China may have come up with a solution to capacity problems on its high-speed bullet trains: simply add another floor. The double-deck fleet will be rolled out to haul more passengers in comfort and style during peak travel seasons like the chunyun, or the Chinese New Year rush.
Engineers told Xinhua that these new, chubby-looking trains would also feature more spacious coaches and could still speed at up to 350 kilometers per hour despite the bigger passenger loads.
Zhang Weihua, a professor with the Chengdu-based Southwest Jiaotong University, told the state-run Science and Technology Daily that there were no major technical hurdles in adding another floor, though design changes would be needed in power distribution and wheels.
The newspaper said one challenge would be how to offset centrifugal forces when the heavier carriages made sharp turns on tracks without passengers on the upper floor experiencing motion sickness. However, Zhang said this could be overcome by lowering the center of gravity of each carriage.
Busy trunk routes running through eastern and southern China, including lines linking Beijing and Shanghai, Shanghai and Ningbo, Shanghai and Nanjing and Guangzhou and Shenzhen, which are also among the most profitable on the network, may be among the first to trial the double-deckers.

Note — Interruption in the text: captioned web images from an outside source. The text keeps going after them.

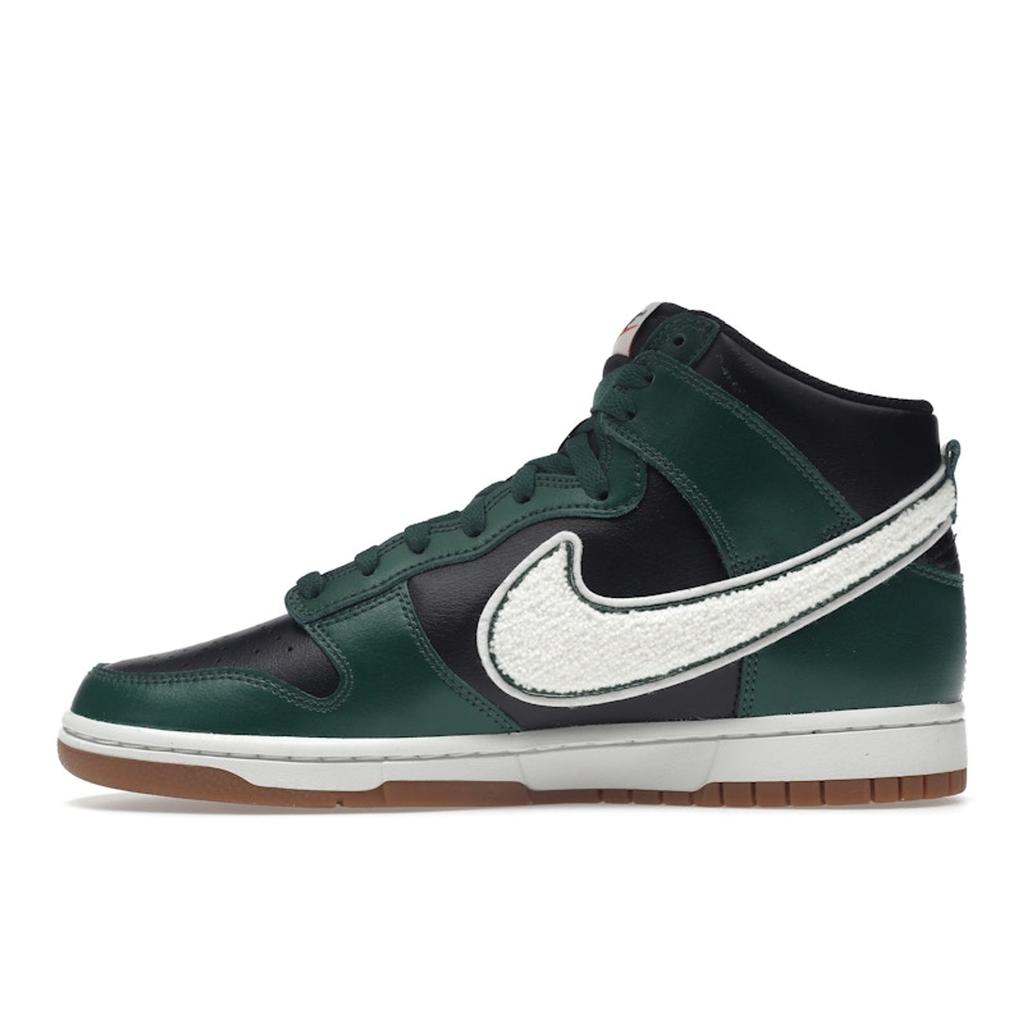 Nike Dunk High Chenille Swoosh - Gorge Green Men Sneakers Black Summit-White Gum-Medium-Brown DR8805-001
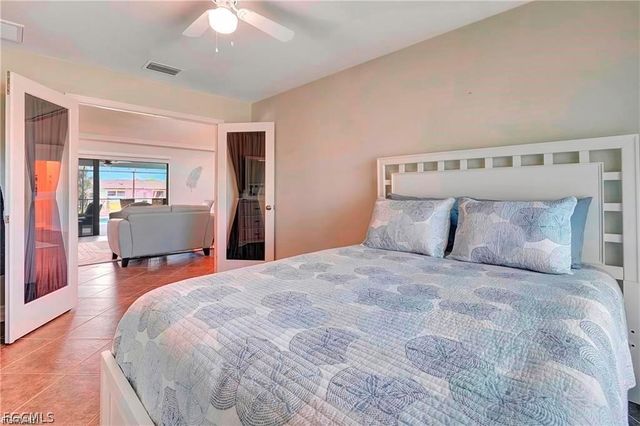 4921 Sorrento CT, Cape Coral, FL 33904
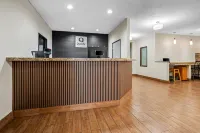 Quality Inn Dubuque on Hwy 20 - acceptant les animaux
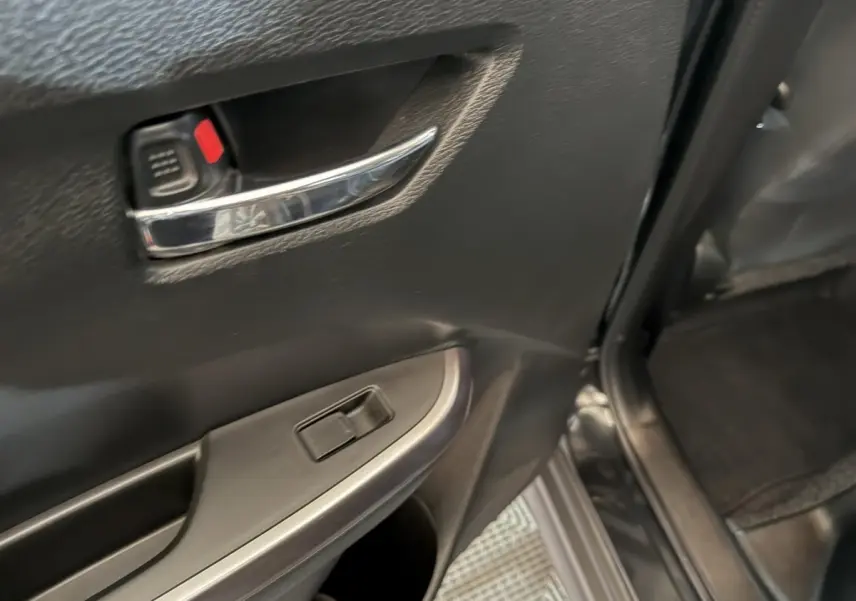 Poignée de porte intérieure côté gauche en plastique noir avec commande de vitre sur Suzuki Vitara 2022 noir.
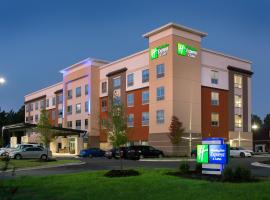 Holiday Inn Express & Suites - Fayetteville South, an IHG Hotel, hotel cerca de Crown Center, Fayetteville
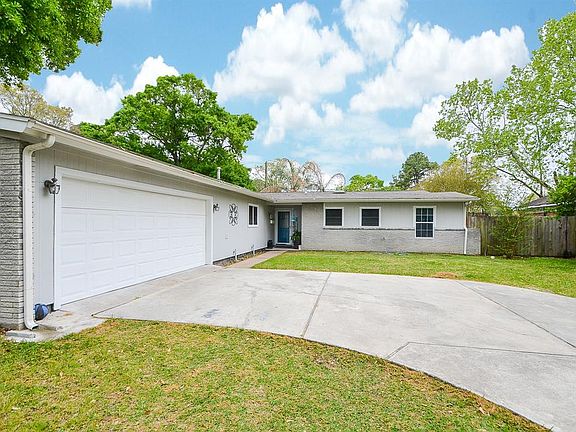 3rd image of 10334 Antrim Ln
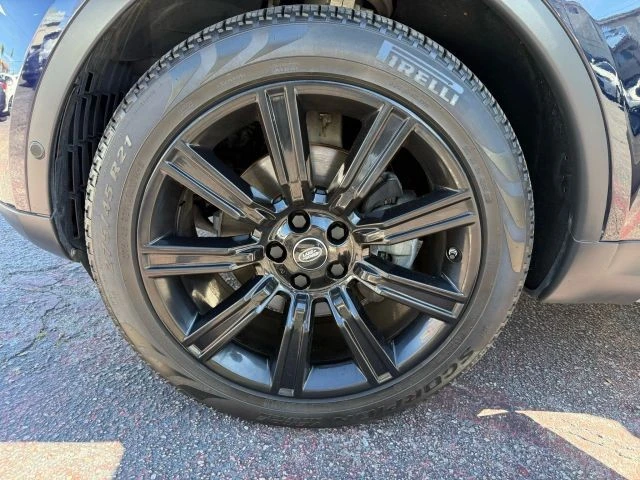 2020 Land Rover Discovery 5th Gen - Image 15 of 31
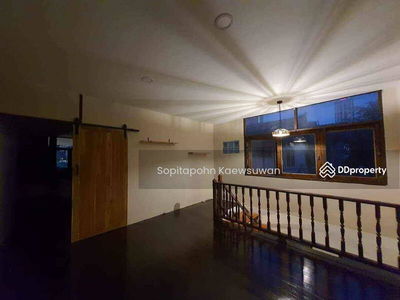 10330, Bangkok, Thailand 10330, Bangkok, Thailand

It isn’t the first time China has used double-deck trains: one consisting of two locomotives and four bilevel carriages was built back in 1958.
The most obvious benefit is to reduce congestion, but it will also lower operating costs per passenger without requiring costly new infrastructure such as extended platforms for longer trains, extra tracks or upgrades in signaling and safety equipment so more frequent services can be run.
Euroduplex, made by the French rolling stock and rail equipment manufacturer Alstom, is currently the only double-deck carriage in commercial service that can hit the 300 km/h mark. Thanks to its two-floor configuration, an eight-car Euroduplex can carry more than 1,200 passengers through France, Germany, Switzerland, Spain and Luxembourg, 40% more than the capacity of a single-decker of equivalent length and gauge.
Hong Kong’s MTR operates standard double-deck, cross-boundary intercity trains between cities in Guangdong province, using rolling stock manufactured by Kinki Sharyo in Japan.